HOW TO COMPLETE THIS TASK:
Repeat exactly, and only, the lines running from the one that holds "this 1280×720 image." to the end of the records.

[Annotated photo localization data]

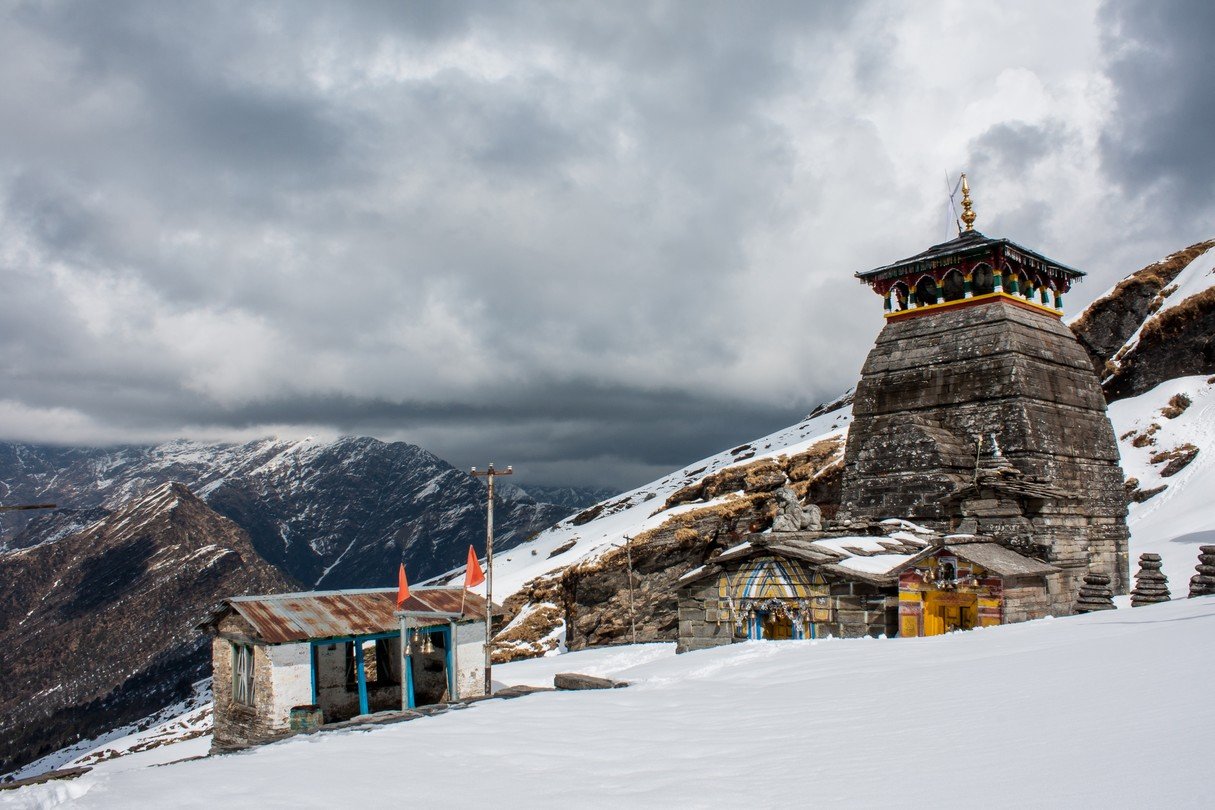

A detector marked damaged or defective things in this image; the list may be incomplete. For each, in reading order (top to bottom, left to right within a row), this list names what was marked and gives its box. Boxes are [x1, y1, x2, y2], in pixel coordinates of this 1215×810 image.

rusty tin roof [204, 585, 493, 641]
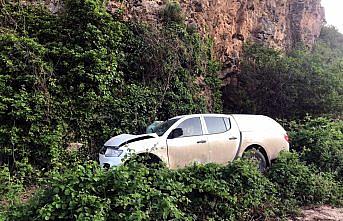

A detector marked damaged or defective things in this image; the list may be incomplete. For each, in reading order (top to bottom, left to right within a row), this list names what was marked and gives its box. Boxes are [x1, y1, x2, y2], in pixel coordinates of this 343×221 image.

crumpled hood [104, 132, 159, 148]
damaged pickup truck [99, 115, 290, 170]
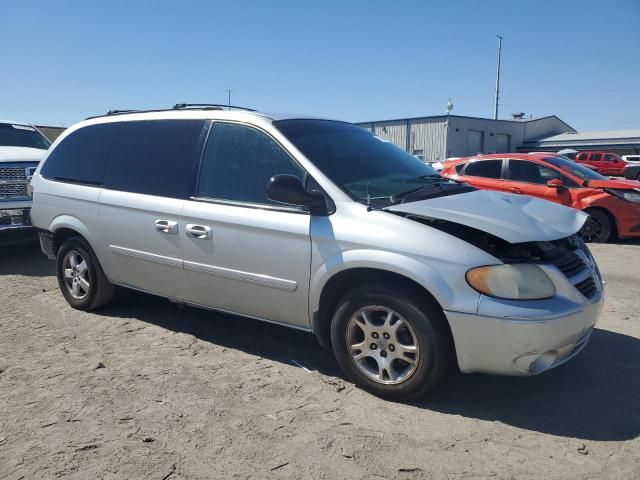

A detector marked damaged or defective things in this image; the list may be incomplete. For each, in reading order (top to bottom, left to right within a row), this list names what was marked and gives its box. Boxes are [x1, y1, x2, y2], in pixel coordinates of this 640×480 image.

crumpled hood [0, 145, 46, 162]
crumpled hood [388, 189, 588, 244]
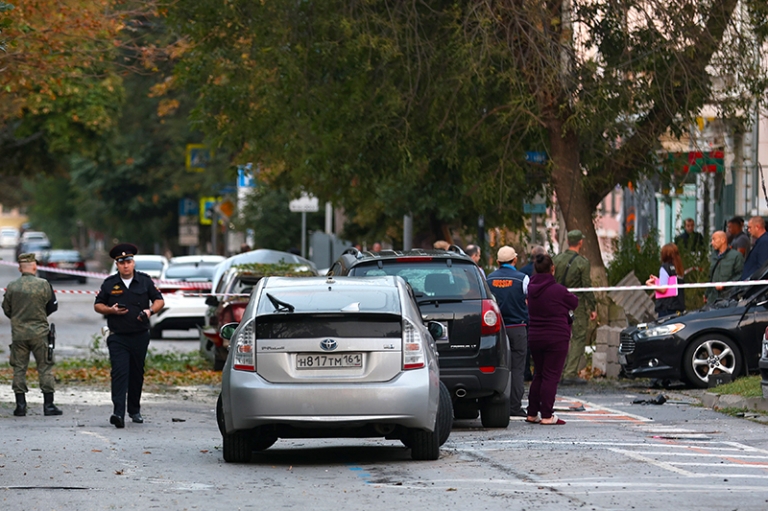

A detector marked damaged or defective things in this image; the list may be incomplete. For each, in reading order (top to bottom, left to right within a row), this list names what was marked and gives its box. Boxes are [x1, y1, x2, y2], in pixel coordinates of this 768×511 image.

damaged road surface [1, 386, 768, 510]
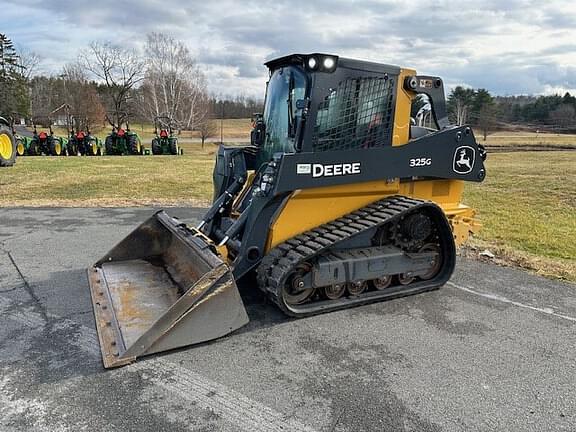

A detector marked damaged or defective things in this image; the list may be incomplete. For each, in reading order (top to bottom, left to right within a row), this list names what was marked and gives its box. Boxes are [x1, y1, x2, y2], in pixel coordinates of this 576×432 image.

cracked asphalt [0, 208, 572, 430]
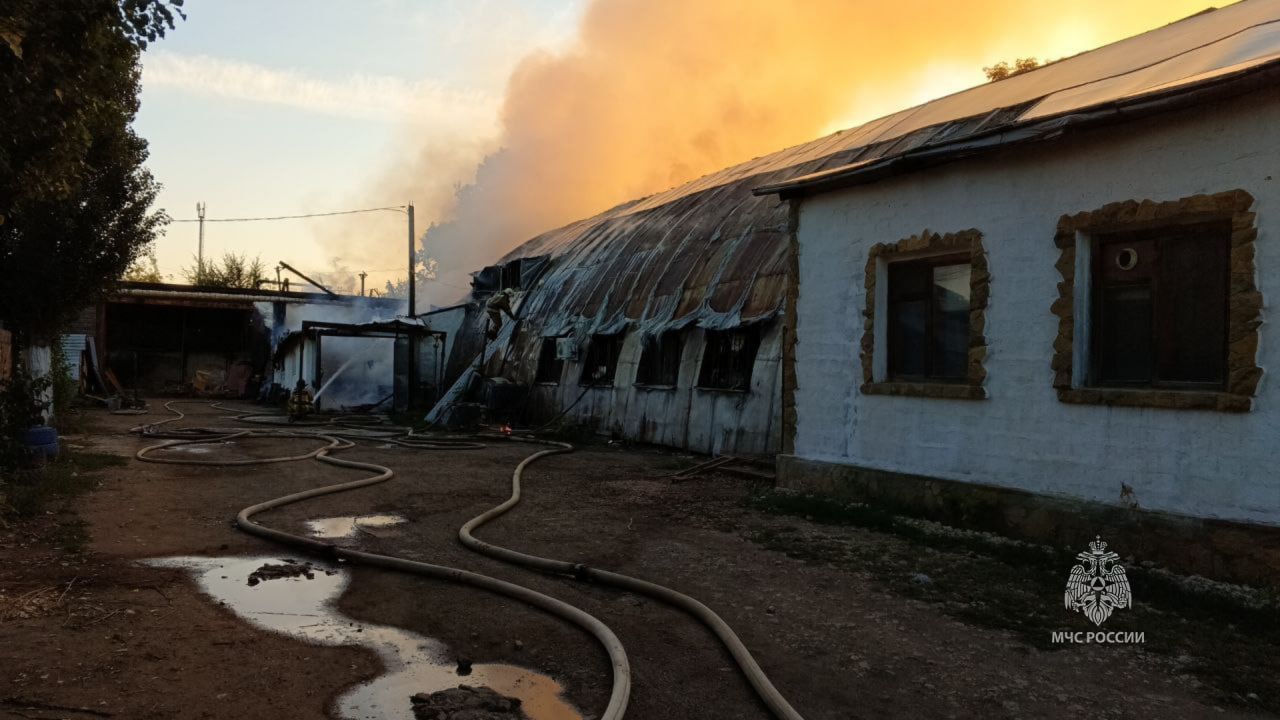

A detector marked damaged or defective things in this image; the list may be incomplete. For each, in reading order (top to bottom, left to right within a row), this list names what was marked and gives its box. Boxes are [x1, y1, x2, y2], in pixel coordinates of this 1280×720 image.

broken window opening [885, 251, 972, 381]
broken window opening [1090, 220, 1228, 389]
broken window opening [535, 335, 565, 384]
broken window opening [581, 333, 624, 384]
broken window opening [637, 333, 686, 386]
broken window opening [701, 326, 757, 389]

OUTPUT OF THE TASK:
A detector marked damaged or defective things in this image; the list may be incomplete. For each, in reading order (top to bottom, left to right within a row), this list names what was marked and gives its box. Boxes are [x1, y1, x2, y2], in pixel coordinates of this 1280×720 image.

broken window opening [885, 251, 972, 381]
broken window opening [1090, 220, 1228, 389]
broken window opening [535, 335, 565, 384]
broken window opening [581, 333, 624, 384]
broken window opening [637, 333, 686, 386]
broken window opening [701, 326, 757, 389]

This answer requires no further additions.